#### PROBLEM STATEMENT
Taking the listing below, restate word for word each line from the line with "May include: A gold" to the line with "En kvinna som dricker en kopp kaffe.", ends included, and stop there.
*** Opening DATA SECTION ***
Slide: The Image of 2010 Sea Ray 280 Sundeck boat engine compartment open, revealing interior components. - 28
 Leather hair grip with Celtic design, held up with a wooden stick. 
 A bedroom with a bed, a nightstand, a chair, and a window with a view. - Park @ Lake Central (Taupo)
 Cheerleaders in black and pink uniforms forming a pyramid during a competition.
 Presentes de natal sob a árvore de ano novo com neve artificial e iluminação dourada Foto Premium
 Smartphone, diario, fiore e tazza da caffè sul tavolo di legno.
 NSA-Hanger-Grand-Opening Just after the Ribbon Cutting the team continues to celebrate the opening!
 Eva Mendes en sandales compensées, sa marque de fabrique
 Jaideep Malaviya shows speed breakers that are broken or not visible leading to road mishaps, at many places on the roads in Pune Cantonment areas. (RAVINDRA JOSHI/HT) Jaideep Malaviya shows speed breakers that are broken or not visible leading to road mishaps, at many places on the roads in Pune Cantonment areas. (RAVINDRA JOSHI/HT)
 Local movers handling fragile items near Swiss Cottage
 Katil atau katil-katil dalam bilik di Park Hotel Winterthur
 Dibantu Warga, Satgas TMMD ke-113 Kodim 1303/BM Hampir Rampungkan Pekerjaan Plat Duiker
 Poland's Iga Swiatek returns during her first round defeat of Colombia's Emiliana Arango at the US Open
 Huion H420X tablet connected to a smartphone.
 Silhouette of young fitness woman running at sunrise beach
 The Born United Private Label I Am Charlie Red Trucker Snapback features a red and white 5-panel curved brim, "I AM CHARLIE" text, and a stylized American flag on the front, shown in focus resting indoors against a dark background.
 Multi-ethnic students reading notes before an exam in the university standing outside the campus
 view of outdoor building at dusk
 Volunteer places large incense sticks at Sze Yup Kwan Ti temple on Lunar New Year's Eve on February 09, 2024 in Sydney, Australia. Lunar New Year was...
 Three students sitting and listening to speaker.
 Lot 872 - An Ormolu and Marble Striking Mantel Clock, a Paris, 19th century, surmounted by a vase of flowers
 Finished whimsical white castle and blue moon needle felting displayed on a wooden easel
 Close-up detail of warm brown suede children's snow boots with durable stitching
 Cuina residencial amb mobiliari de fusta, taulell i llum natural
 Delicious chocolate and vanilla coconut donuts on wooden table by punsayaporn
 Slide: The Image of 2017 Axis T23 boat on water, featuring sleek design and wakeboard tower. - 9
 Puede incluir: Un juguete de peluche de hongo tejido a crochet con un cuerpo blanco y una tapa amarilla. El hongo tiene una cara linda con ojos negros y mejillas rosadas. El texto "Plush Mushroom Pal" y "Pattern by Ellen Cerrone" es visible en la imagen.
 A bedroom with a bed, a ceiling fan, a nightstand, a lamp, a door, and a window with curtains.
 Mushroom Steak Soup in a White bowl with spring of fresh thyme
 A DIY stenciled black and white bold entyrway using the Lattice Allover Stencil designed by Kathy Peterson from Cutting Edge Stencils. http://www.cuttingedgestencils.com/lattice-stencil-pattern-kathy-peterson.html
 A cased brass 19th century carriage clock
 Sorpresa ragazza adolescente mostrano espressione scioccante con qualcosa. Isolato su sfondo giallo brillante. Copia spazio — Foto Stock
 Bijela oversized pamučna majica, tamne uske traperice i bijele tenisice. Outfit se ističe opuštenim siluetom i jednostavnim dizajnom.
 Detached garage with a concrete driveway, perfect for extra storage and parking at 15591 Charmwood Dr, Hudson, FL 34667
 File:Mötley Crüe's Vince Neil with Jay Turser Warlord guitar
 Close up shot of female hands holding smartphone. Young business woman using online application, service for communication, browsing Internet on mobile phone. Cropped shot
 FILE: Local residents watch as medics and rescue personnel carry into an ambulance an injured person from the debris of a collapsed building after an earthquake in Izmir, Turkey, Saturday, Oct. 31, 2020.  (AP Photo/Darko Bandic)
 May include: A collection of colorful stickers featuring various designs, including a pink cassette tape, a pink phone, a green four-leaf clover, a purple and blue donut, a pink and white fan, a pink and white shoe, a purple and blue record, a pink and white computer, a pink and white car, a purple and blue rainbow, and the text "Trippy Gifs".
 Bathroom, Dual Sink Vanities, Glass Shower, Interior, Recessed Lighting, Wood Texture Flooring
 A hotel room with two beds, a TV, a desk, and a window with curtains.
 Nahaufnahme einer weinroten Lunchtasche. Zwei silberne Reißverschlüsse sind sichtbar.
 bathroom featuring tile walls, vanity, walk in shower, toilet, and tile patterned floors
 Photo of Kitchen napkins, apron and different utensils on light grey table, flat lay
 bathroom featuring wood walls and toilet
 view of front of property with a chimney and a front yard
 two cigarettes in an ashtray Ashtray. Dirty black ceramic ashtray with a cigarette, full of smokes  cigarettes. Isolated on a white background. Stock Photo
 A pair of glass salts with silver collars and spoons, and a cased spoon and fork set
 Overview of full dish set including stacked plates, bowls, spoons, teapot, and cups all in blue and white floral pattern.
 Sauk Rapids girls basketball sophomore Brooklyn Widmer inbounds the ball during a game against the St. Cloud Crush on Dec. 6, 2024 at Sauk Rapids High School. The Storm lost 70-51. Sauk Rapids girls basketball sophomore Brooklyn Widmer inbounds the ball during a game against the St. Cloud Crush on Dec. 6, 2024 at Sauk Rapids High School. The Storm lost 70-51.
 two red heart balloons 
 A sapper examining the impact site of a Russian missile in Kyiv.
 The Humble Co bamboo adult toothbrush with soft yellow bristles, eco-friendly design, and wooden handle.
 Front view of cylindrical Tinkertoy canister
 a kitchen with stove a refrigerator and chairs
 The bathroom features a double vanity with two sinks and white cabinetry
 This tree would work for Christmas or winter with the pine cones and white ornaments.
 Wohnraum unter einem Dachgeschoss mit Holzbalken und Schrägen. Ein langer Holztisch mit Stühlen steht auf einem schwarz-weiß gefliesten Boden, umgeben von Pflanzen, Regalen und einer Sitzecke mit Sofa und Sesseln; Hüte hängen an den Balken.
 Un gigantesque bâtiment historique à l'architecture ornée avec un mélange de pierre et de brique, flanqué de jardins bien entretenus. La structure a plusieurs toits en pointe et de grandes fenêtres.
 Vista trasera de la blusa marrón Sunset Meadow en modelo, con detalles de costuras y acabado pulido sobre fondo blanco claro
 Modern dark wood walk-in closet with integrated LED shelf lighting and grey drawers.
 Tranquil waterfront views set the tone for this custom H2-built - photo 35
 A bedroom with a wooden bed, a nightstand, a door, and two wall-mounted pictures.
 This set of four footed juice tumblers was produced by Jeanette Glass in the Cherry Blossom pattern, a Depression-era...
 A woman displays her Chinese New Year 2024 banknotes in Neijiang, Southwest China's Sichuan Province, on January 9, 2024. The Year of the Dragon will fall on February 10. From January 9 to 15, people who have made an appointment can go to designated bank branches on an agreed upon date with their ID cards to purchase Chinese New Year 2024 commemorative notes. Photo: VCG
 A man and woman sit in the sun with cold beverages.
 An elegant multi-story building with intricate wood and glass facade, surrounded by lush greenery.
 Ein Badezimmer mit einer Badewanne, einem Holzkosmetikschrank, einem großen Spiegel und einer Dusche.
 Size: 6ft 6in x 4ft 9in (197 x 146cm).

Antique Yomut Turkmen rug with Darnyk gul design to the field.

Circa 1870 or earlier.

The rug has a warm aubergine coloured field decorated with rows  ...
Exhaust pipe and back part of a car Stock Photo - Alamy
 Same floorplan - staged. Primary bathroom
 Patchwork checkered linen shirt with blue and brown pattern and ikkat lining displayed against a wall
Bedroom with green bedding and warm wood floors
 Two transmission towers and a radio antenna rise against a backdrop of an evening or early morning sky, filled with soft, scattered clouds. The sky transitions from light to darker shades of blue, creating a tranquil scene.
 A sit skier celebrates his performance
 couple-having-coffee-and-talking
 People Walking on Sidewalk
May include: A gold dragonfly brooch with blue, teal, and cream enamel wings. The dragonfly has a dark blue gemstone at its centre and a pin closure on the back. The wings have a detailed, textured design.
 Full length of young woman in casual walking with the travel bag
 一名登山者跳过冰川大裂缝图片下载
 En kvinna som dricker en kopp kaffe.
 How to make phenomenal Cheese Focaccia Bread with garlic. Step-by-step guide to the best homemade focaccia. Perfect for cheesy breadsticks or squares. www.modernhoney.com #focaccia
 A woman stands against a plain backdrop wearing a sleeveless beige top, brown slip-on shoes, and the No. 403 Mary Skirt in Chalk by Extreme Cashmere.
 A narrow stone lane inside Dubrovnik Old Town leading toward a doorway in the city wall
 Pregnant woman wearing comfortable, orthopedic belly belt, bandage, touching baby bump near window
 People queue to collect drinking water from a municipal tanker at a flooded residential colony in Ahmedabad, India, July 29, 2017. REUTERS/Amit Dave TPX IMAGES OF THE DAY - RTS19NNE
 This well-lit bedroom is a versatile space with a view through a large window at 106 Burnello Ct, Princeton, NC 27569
*** Closing DATA SECTION ***
#### EXERCISE SOLUTION
May include: A gold dragonfly brooch with blue, teal, and cream enamel wings. The dragonfly has a dark blue gemstone at its centre and a pin closure on the back. The wings have a detailed, textured design.
 Full length of young woman in casual walking with the travel bag
 一名登山者跳过冰川大裂缝图片下载
 En kvinna som dricker en kopp kaffe.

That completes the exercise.